Still, Kerber could only play the woman in front of her and, yesterday, that was the former French Open champion and former Wimbledon junior champion, Ostapenko. The free-hitting Latvian was flummoxed by the speed of the court – slower than the outside courts – and by taking on a left-hander. She was then poleaxed by her own error count: 36 to Kerber’s miserly seven. Kerber was consistent, save for a minor wobble in the closing stages, and Ostapenko was a shambles.
It is only six months ago that Kerber was an absolute shambles. Her rise to the top in 2016 was remarkable. She won her maiden grand slam and followed that up with an appearance in the Wimbledon final, by winning the US Open title and by reaching the final of the end-of-year championships. By September, she had overtaken Williams at the top of the rankings and ruled the world.
But that brought a new raft of problems. Suddenly, she was a commodity to be sold to new sponsors by her manager. He ended up selling parts of Kerber that Kerber did not know she had. Come the start of the new season, all the commitments that had been made for her pulled her this way and that while she was now struggling with the pressure of trying to defend all her titles and ranking points. Unsurprisingly, it did not end well.
Announcing that she was closing the book on 2017 and starting afresh, no one believed her. Surely that was not possible. That is not how professional sport works, especially at the age of 29, as she was then. But that is exactly what she did.
Hiring Wim Fissette, Johanna Konta’s former coach, she started work in the off-season and has not looked back since. Her confidence is back, her game is back and now she is back in the Wimbledon final.
“I think last year a lot of things happened,” she said. “I think all the things, like to make the day schedule, to see what is good for me, what is not so good for me, to make the priority to playing tennis, focusing on just what I love, finding my motivation. There are a lot of things.”
Whether that will be enough to take on and beat Williams, though, remains to be seen. It was Williams who beat her in her only Wimbledon final and did so in straight sets. And while the grass courts encourage Kerber to be more aggressive than seems natural to her, no woman does aggression like Williams in a Wimbledon final.
“She’s always going out there to win the matches,” Kerber said. “I think it doesn’t matter against who she is playing. She’s trying to play like she played the years before where she won the big matches.

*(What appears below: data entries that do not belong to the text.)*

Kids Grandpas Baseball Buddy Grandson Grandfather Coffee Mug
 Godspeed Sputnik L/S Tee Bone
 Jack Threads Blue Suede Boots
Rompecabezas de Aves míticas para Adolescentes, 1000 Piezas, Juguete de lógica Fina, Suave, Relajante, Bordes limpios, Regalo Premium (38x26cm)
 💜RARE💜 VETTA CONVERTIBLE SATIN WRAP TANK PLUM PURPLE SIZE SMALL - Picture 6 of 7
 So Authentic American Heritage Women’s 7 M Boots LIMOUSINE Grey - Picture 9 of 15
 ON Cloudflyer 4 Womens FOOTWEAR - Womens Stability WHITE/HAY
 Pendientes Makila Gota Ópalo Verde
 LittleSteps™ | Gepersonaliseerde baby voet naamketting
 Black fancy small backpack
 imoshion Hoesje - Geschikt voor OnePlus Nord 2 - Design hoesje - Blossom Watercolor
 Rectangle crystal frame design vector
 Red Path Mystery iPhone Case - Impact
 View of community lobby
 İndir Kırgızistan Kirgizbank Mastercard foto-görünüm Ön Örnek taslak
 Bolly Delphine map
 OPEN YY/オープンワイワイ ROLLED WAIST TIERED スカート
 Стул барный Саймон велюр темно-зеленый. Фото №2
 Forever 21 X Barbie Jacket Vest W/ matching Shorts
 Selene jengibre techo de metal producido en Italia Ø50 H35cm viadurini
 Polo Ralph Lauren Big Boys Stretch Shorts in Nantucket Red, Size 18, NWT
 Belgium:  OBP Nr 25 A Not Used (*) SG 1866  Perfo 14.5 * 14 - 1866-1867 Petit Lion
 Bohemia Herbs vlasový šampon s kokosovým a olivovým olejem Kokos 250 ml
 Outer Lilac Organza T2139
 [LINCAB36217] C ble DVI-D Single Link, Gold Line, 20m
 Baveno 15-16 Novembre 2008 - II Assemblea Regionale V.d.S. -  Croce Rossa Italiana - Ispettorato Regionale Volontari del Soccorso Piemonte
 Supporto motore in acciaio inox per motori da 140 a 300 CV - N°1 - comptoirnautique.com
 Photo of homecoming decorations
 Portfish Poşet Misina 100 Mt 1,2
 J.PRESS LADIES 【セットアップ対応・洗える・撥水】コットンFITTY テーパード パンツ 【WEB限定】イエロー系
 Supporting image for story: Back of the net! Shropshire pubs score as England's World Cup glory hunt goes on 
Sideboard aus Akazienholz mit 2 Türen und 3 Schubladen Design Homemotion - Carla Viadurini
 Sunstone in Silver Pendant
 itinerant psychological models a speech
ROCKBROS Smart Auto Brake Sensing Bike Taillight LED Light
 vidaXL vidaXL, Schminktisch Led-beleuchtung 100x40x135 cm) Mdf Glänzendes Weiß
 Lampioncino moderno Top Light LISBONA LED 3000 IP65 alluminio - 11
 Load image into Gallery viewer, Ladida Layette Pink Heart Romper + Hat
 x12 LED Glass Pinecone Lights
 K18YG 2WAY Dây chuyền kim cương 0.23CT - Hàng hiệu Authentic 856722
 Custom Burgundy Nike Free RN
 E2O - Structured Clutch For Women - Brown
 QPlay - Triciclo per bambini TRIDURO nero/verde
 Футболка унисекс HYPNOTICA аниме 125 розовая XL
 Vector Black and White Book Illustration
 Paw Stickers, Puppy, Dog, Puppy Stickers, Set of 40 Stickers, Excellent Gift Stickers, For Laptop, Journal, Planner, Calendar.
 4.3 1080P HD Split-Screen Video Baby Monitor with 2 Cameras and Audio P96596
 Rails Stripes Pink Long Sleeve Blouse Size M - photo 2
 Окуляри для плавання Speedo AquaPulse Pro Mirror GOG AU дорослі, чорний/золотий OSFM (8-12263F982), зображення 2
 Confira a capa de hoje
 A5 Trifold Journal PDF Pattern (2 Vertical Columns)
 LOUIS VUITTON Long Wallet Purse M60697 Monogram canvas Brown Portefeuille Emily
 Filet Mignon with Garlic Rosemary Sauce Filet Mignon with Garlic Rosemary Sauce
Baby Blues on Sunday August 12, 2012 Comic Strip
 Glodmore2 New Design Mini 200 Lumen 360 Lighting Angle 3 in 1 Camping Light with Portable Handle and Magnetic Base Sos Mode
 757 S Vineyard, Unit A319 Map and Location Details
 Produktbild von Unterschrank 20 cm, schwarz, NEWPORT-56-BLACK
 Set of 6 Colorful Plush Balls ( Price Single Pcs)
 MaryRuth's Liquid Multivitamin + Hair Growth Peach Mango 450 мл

“Now for sure she had a lot of big confidence, especially after the matches she won here already. She knows the feeling to go out on this stage where you are in the finals, especially here. She won here I don’t know how many times. She’s a fighter. She’s a champion. That’s why she is there where she is now.”
Kerber thought it would be an “honour” to play Williams and that it would be “a new match”. Her problem is that Williams is getting back into the old routine – and that usually means she wins. Yet Kerber’s comeback story is almost as impressive as Williams’s, it is just not as well documented.
“She’s coming back,” Kerber said. “For me also, I’m coming back from 2017. I know that I have to play my best, best tennis to beat her, especially on the grass, on the Centre Court, where she won so many titles here. I know that she is always pushing you to the limits.”